Question

I think most of us strive to make our code run smoothly, read logically, and altogether function well. But for those who really enjoy taking the time to figure out how to optimize already good code (whether it's their own or someone else's), where do these individuals best find themselves in the programming world?

Whether that optimization is to improve on the current algorithm implemented in their project, take the time to make minor differences in performance, studying the run time of loops and conditionals in specific a language (for example, 3 or less if else statements are generally much quicker than 3 or less switch statements is some languages), or clean up code (useless variables, better modularize existing functions, etc.).

I imagine that a lot of these folks find themselves at home on projects critical to hardware performance, like fields related to microarchitecture. Anything else?

Was it helpful?

Solution

If they have competitors, then performance is a major criterion by which they are judged.

By the way, if you think performance is a matter of using switch vs. if, you're missing the point by an enormous margin.

You don't know what to fix in the code until you find out what takes time. That can seldom (i.e. never) be done by eyeballing the code. What I do is run it under a debugger and manually pause it at random to see what it's doing.

Here are some examples:

  • Spending more than 50% of time during application startup reading dlls in order to extract strings so they could be internationalized, but they were mostly strings the user never sees.

  • Spending a large fraction of time doing new and free, when previously allocated memory blocks could simply be re-used.
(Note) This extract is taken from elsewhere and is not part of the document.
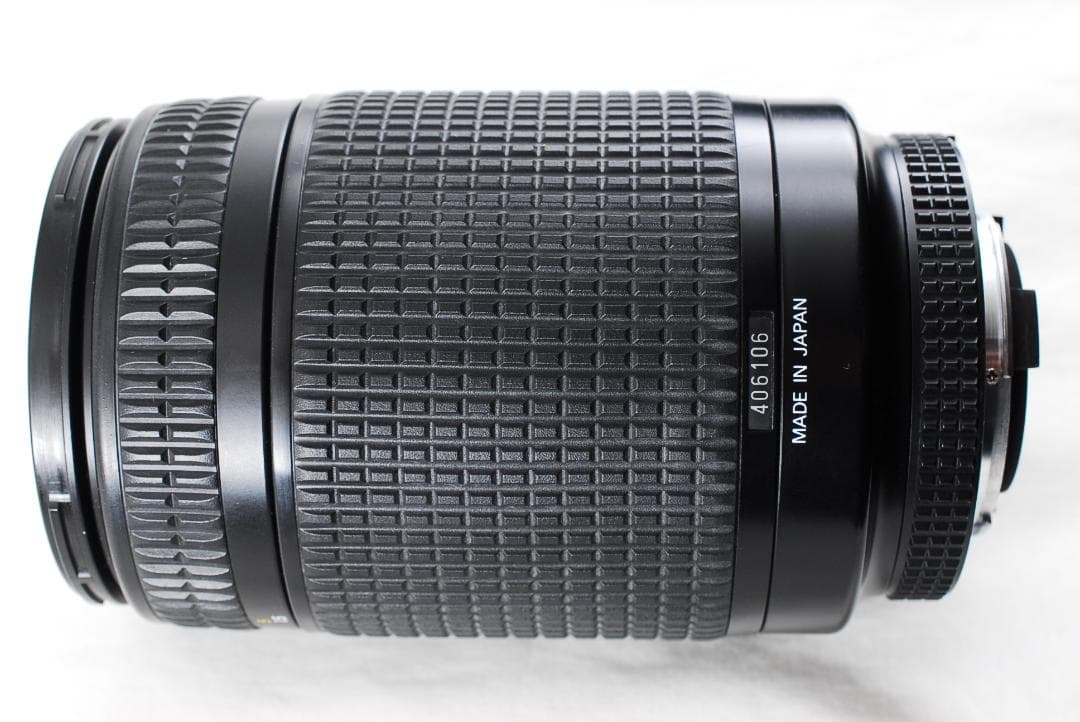 Nikon AF Nikkor 70-300mm f/4-5.6D ED レンズ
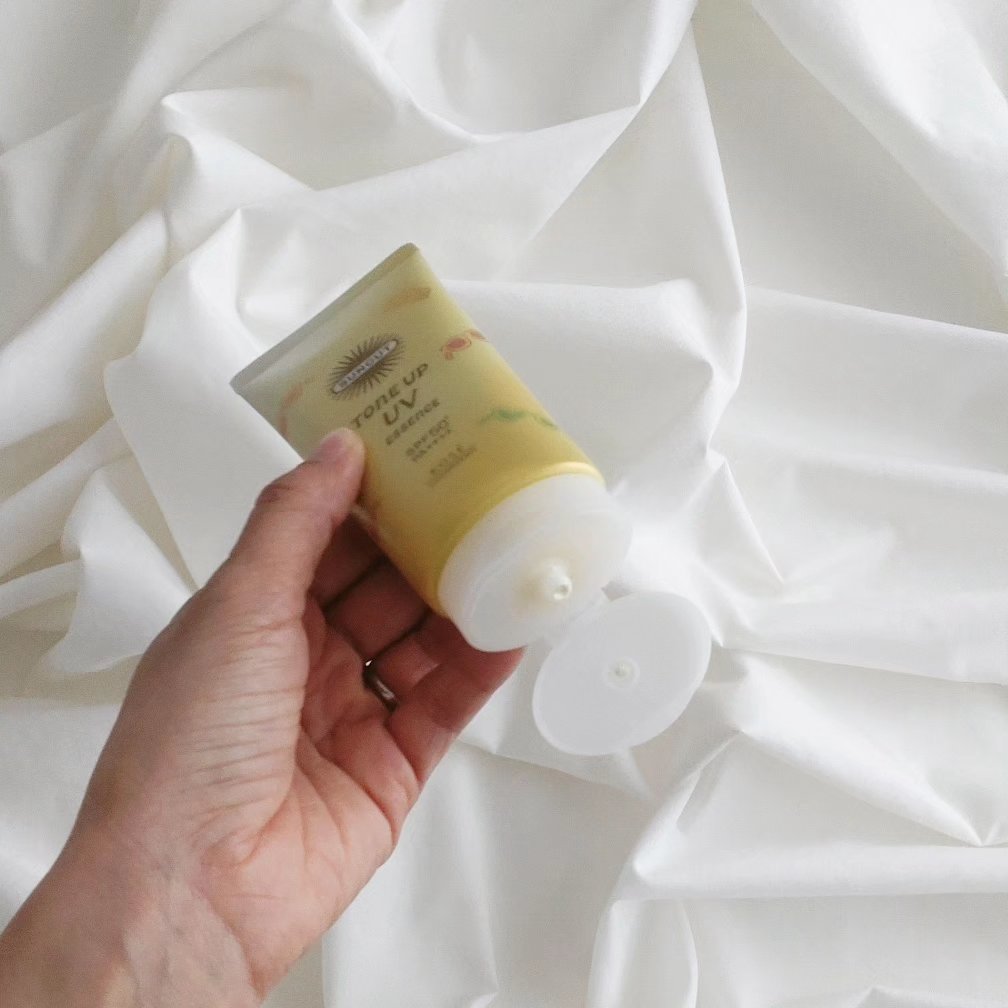 サンカットR トーンアップUV エッセンス/サンカット®/日焼け止めローションを使ったクチコミ（2枚目）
  • Spending a large fraction of time calling library routines like sin, exp, or log with the same arguments as last time. The prior results could just be remembered.

OTHER TIPS

Projects that have performance requirements.

It really doesn't matter what the hardware is. I can drive anything to 100% utilization. Same as I can fill any hard drive. The question is, can I ignore performance and still hit my performance goals. If yes, I am justified in ignoring performance.

Some projects find they have performance problems. If they wrote easy to read code while ignoring performance fixing the problem usually isn't hard.

If it is hard it might be research level hard. If you have the chops for that I'll keep you in mind if we ever run into that. Otherwise, I don't optimize for the fun of it. I'd rather it take 5% longer if that means to code is readable.

If you want reliable employment doing this seek out jobs that have pushing the hardware to it's limits as a goal. This can happen on microarchitecture, super computers, smart phones, data centers, calculators, cloud, toasters, and even the humble PC.

Embedded development.

When you're working with a tiny memory footprint and real time requirements you have to constantly be thinking about every aspect of performance, both speed and memory.

Real time embedded devices often require response times in the order of milliseconds in my experience. If a routine is off running for 10 seconds somewhere, you've just missed input from a button on your device. If you enjoy making things fast, real time can be an incredibly fun challenge.